Rock Art Brewery Humble Harvester IPA
By: Ashton Kirol
The craft beer movement has exploded in the past decade along with the local food movement. Craft restaurants offer a wide range of local brews, and most craft brewpubs support local farms. Rock Art Brewery in Morrisville, VT has taken this relationship even more seriously with one of their recent offerings. The Humble Harvester IPA came out this fall, and as of this article, can still be found in bottles in Vermont and on draft at the brewery. Sales of The Humble Harvester IPA directly support Salvation Farms, a not-for-profit organization that works to build a more resilient food system in Vermont. They accomplish this by reducing food waste between farms and restaurants. They also work to feed vermonters through gleaning (using crops that would have normally gone to waste on farms). This isn’t the first Rock Art beer to support local farms, and it is nice to see the tradition continue. A beer that supports a good cause is always worth trying, so I picked up a growler from the brewery (and a bomber for good measure).
First Impression: The bottle sports the sunny Salvation Farms logo along with Rock Art’s Kokopelli. The blurb on the side of the bottle tells you that you are supporting Vermont farms and families, but leaves the beer inside a mystery. If you are able to pick this beer up at the brewery, you will find a small retail room at Rock Art’s new location. Samples are available for purchase, and the teaser for this beer was enough to get me to bring home an armful to enjoy.
Pour: This beer is a beautiful copper color. The pour from the bottle resulted in a tall, pure white head that lasted long enough for me to snap a few photos and also enjoy the beer.
Aroma: Grapefruit. That nearly sums up the aroma of this beer. Bitter citrus dominates the scene with light grain and pine underneath.

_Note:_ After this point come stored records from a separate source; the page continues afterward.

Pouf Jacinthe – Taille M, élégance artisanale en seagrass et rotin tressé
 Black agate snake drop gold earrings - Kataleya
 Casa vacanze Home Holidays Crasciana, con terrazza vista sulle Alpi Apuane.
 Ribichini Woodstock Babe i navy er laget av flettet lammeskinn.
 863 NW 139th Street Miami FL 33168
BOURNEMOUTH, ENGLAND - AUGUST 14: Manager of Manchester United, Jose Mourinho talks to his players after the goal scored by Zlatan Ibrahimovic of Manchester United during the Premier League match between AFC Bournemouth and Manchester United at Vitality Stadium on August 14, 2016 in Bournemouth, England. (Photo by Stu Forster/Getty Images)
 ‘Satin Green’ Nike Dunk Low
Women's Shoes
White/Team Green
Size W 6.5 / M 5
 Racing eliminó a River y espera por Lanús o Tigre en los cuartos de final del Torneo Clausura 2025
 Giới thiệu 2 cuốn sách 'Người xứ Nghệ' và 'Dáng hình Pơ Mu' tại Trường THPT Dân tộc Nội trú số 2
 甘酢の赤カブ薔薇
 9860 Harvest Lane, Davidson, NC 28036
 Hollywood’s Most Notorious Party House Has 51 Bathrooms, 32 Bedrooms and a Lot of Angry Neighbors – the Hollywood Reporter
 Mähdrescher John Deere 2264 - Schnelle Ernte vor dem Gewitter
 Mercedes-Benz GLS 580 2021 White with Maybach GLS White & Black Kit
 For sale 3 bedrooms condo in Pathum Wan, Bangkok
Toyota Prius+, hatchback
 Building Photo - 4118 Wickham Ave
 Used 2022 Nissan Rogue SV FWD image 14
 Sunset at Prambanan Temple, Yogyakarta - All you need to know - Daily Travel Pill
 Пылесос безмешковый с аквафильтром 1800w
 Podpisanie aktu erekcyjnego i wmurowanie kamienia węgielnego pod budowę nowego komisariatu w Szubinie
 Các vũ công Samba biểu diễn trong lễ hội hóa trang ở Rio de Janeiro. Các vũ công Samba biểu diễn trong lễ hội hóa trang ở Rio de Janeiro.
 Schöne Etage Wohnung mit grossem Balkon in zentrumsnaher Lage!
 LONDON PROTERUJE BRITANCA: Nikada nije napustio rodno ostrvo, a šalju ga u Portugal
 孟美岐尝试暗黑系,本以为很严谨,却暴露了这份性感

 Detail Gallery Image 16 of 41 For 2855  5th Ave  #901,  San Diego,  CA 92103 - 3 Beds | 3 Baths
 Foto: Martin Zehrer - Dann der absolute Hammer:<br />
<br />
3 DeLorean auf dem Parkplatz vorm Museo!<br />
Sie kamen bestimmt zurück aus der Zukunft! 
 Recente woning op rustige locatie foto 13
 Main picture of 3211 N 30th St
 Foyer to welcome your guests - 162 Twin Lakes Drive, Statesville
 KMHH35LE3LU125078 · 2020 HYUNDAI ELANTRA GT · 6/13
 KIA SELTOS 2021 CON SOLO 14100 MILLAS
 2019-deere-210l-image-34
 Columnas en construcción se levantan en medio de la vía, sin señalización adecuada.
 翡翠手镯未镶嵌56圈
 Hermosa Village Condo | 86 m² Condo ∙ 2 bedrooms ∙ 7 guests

Taste: The grapefruit aroma does not belie the taste. This is a very citrus forward IPA. There is just enough malt backbone to balance out the hops. This makes The Humble Harvester a very crisp and drinkable IPA. The bottle seemed more balanced to me than the growler. I think that might be because higher carbonation in the draft version accentuated the light malt profile.
Final Impression: I love that The Humble Harvester supports the best of the craft beer movement (and local food/agriculture). I also love a citrusy IPA. If you don’t love a strong grapefruit-hop taste, then you might not be as sold on this beer. It is too harsh to call The Humble Harvester one-dimensional, but it isn’t the most complex IPA either. I for one hope to see this beer brewed again, but it understandably isn’t for every IPA lover. If you like a grapefruit forward IPA, then grab some while you still can. With only 300 cases bottled, the first run of this beer will disappear soon.